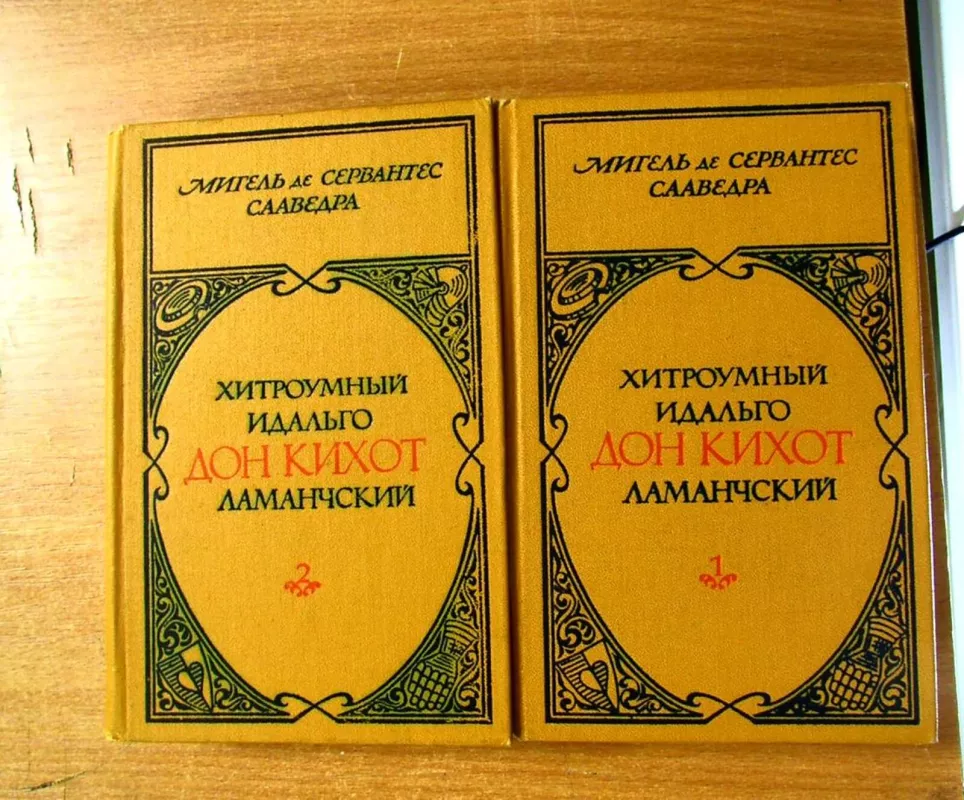 Дон Кихот Ламанчский. В двух томах (2 тома) - Мигель де Сервантес Сааведра, knyga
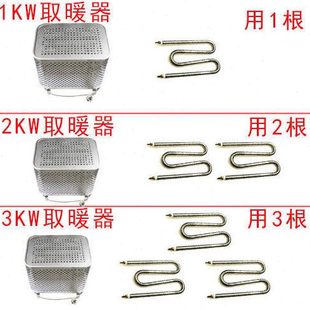 M型低温炉配件工业取暖器加热棒电暖气鼠笼式电暖器地温炉恒温炉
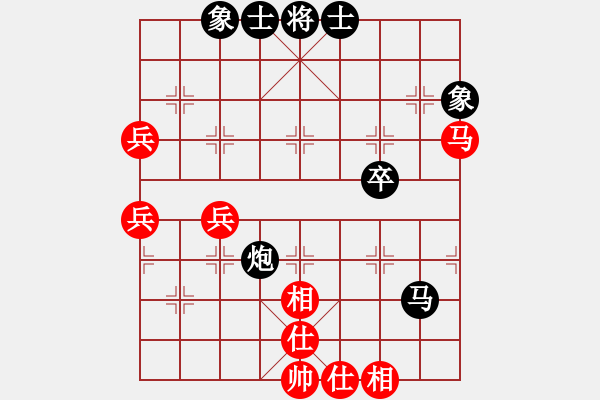 象棋棋谱图片：小玫贞子(0f)-负-时光飞逝(9星) - 步数：70 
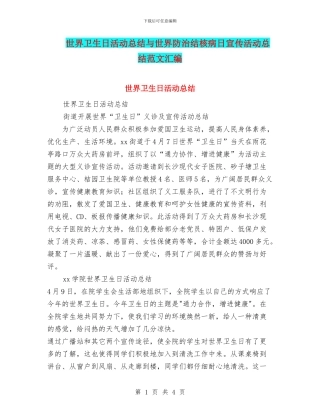 世界卫生日活动总结与世界防治结核病日宣传活动总结范文汇编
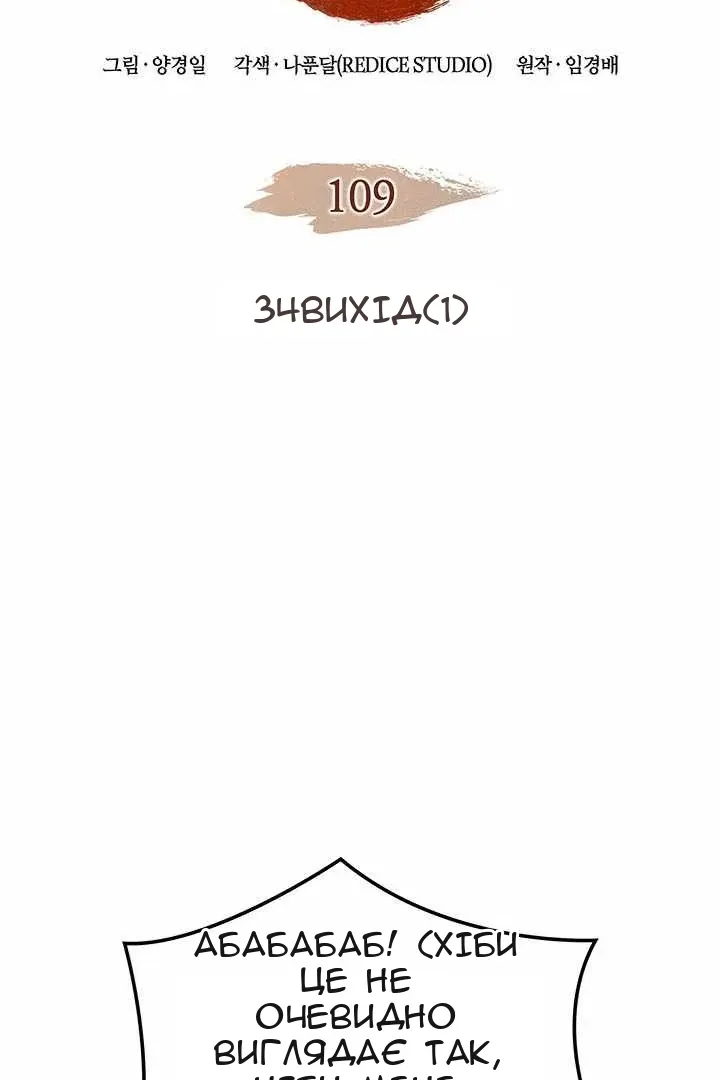 Сторінка 9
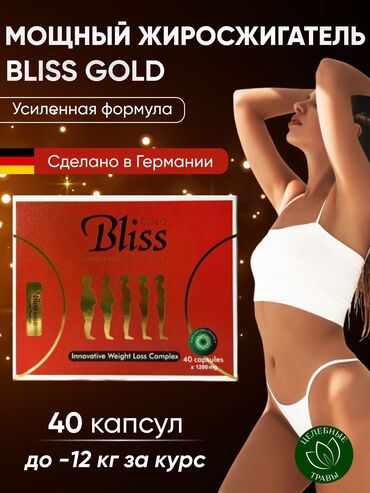 Средства для похудения: Капсулы для похудения Блисс голд молекула Bliss Gold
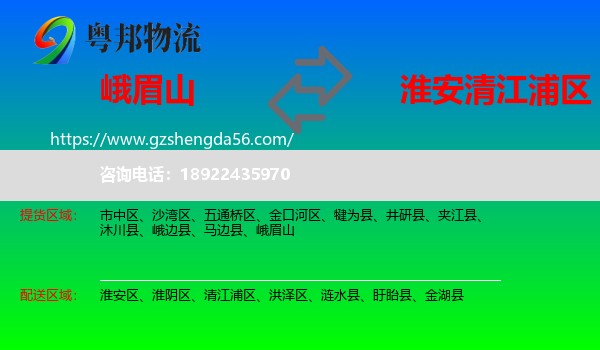 峨眉山到清江浦区物流专线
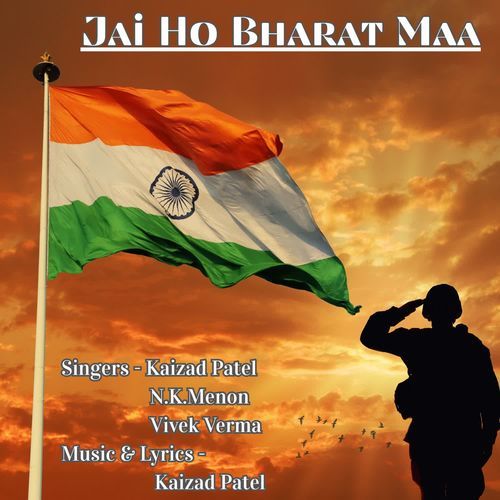 Jai Ho Bharat Maa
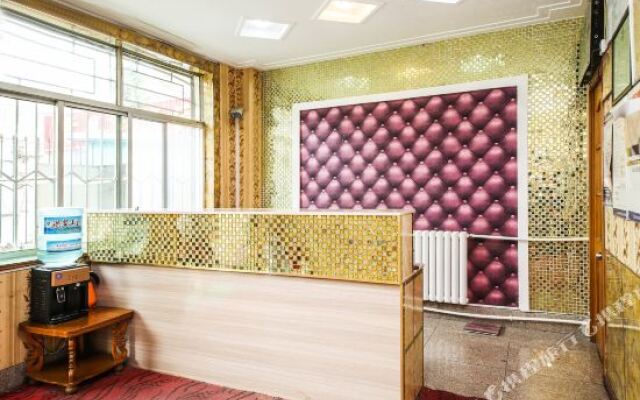 Yinchuan Lanhuahua International Hotel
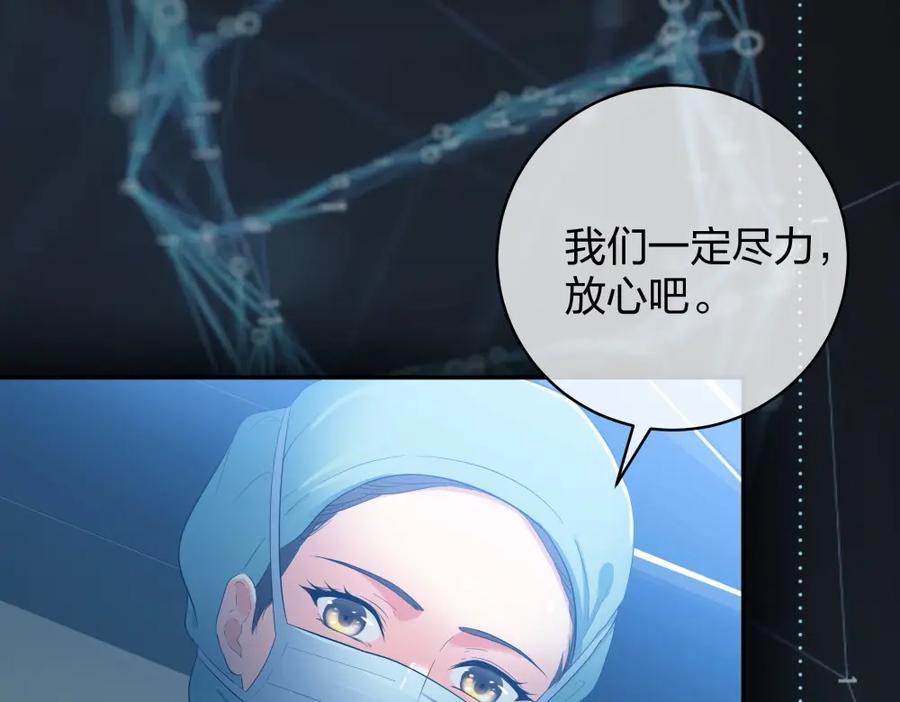 《整形科》23 男人就得挺住 第87页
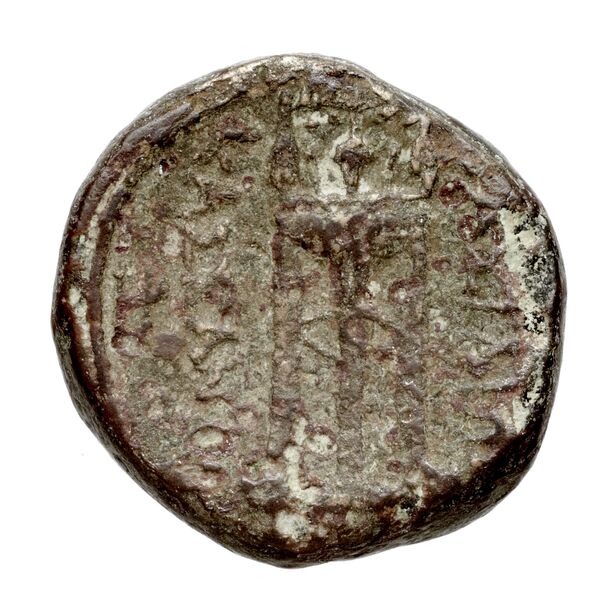 Cassander Macedon AMNG III.2 9, реверс, bnf-iris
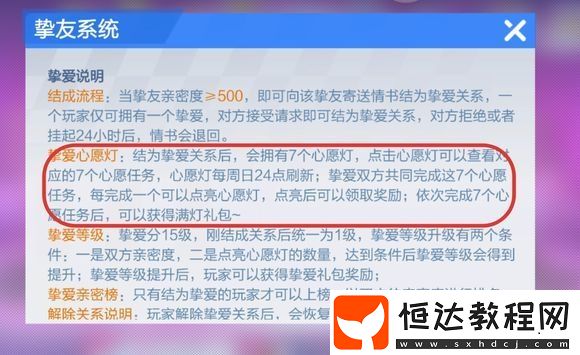 跑跑卡丁車手游摯愛系統(tǒng)bug解決方法：如何修復不能點燈的問題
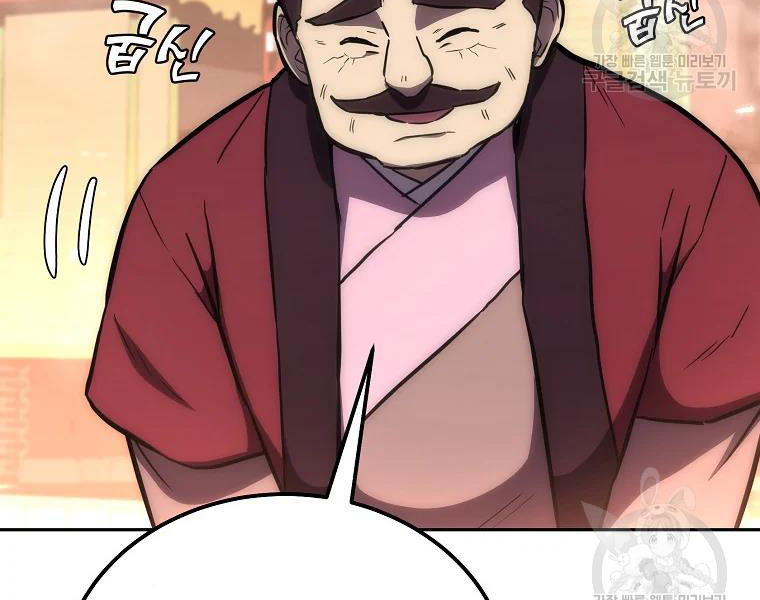 thiếu niên phương sĩ chapter 41 118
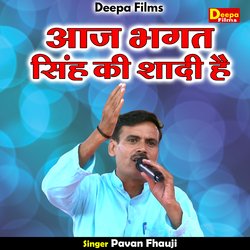 Aaj bhagat singh ki shadi hai (Hindi)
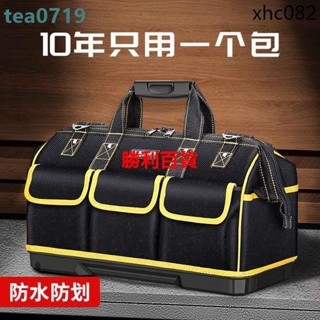 臺倉常勝客木工工具袋電工專用便攜式帆布加厚結實耐用手提收納工具包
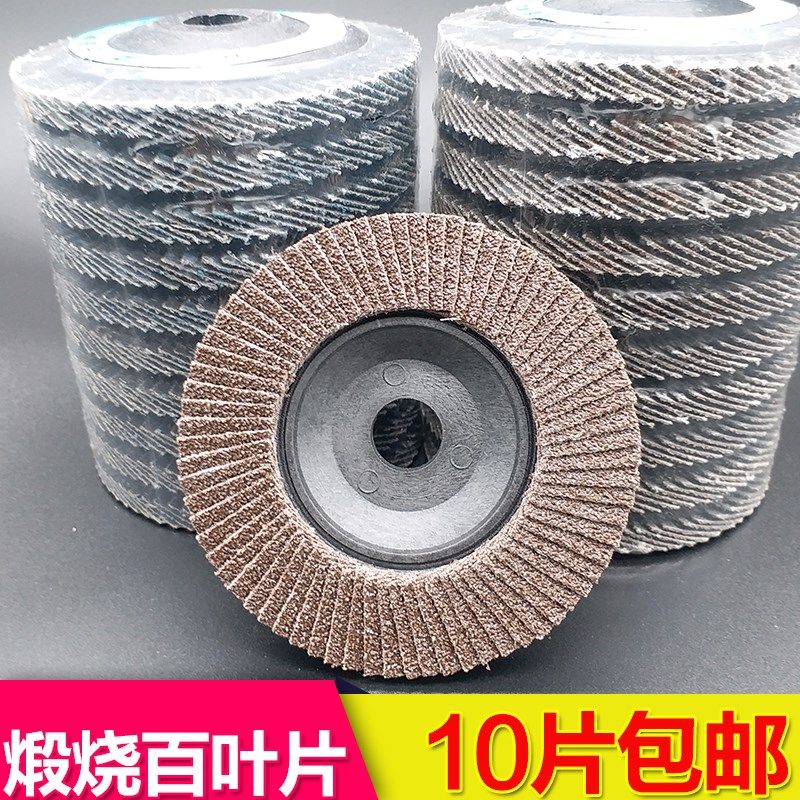 正宗100角磨机煅烧911加厚型百页片打磨片木工角磨机不锈钢抛光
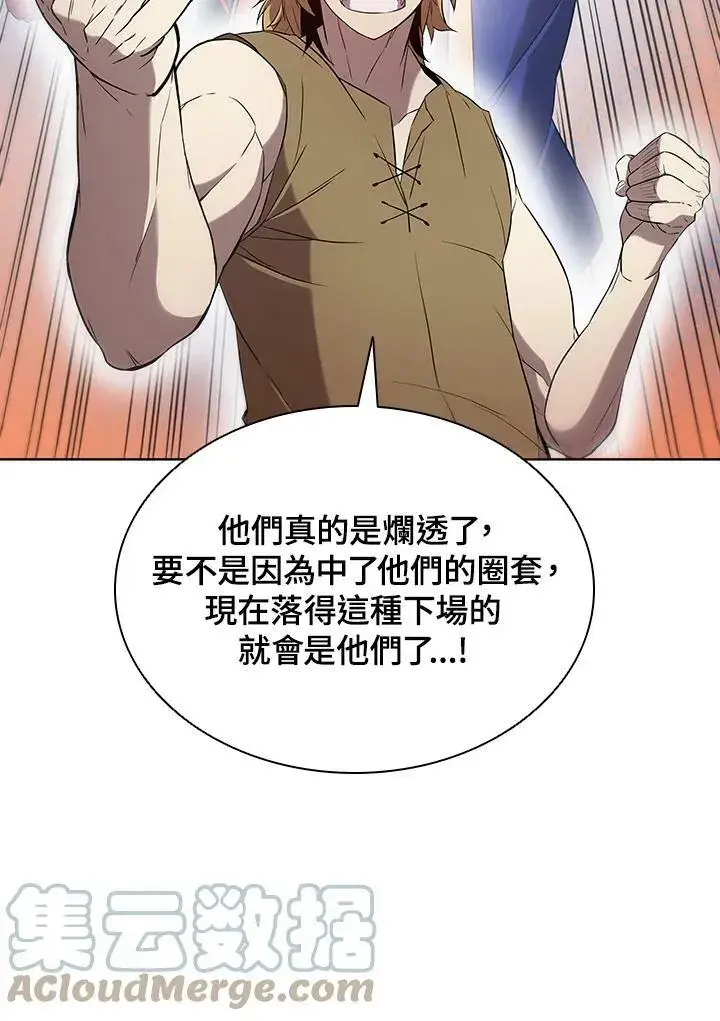 《驯兽大师》第15话图79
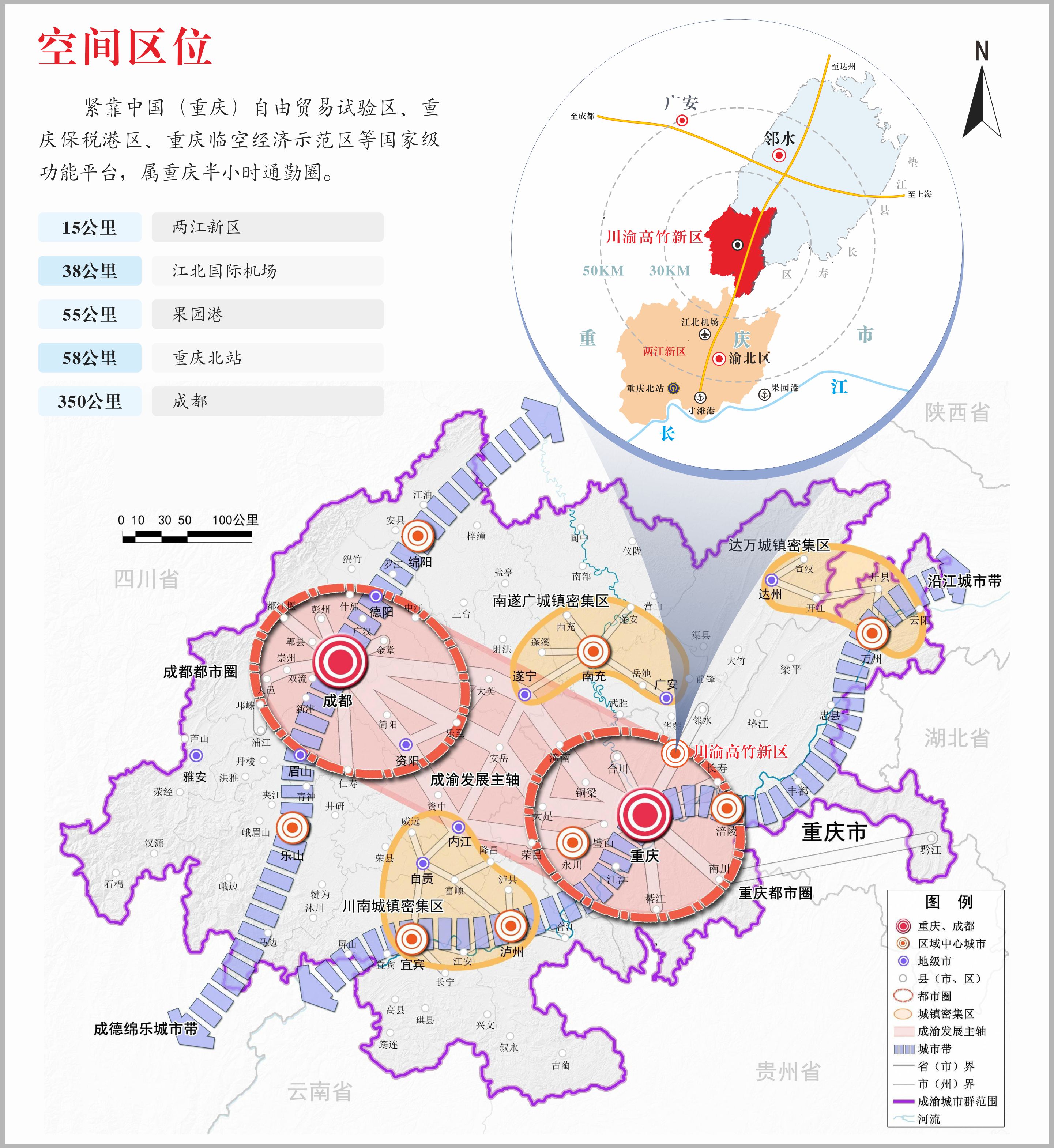 高竹新區空間區位圖.本文圖片除署名外,均由高竹新區供圖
══════════════════════════════
● **Task to complete**
The data is to be returned exactly as it stands, pictures aside.

● **Task result**
 Дон Кихот Ламанчский. В двух томах (2 тома) - Мигель де Сервантес Сааведра, knyga
 M型低温炉配件工业取暖器加热棒电暖气鼠笼式电暖器地温炉恒温炉
 象棋棋谱图片：小玫贞子(0f)-负-时光飞逝(9星) - 步数：70 
 世界卫生日活动总结与世界防治结核病日宣传活动总结范文汇编
 Сторінка 9
 Средства для похудения: Капсулы для похудения Блисс голд молекула Bliss Gold
 峨眉山到清江浦区物流专线
 Jai Ho Bharat Maa
 Yinchuan Lanhuahua International Hotel
 《整形科》23 男人就得挺住 第87页
 Cassander Macedon AMNG III.2 9, реверс, bnf-iris
 跑跑卡丁車手游摯愛系統(tǒng)bug解決方法：如何修復不能點燈的問題
 thiếu niên phương sĩ chapter 41 118
 Aaj bhagat singh ki shadi hai (Hindi)
 臺倉常勝客木工工具袋電工專用便攜式帆布加厚結實耐用手提收納工具包
 正宗100角磨机煅烧911加厚型百页片打磨片木工角磨机不锈钢抛光
 《驯兽大师》第15话图79
 高竹新區空間區位圖.本文圖片除署名外,均由高竹新區供圖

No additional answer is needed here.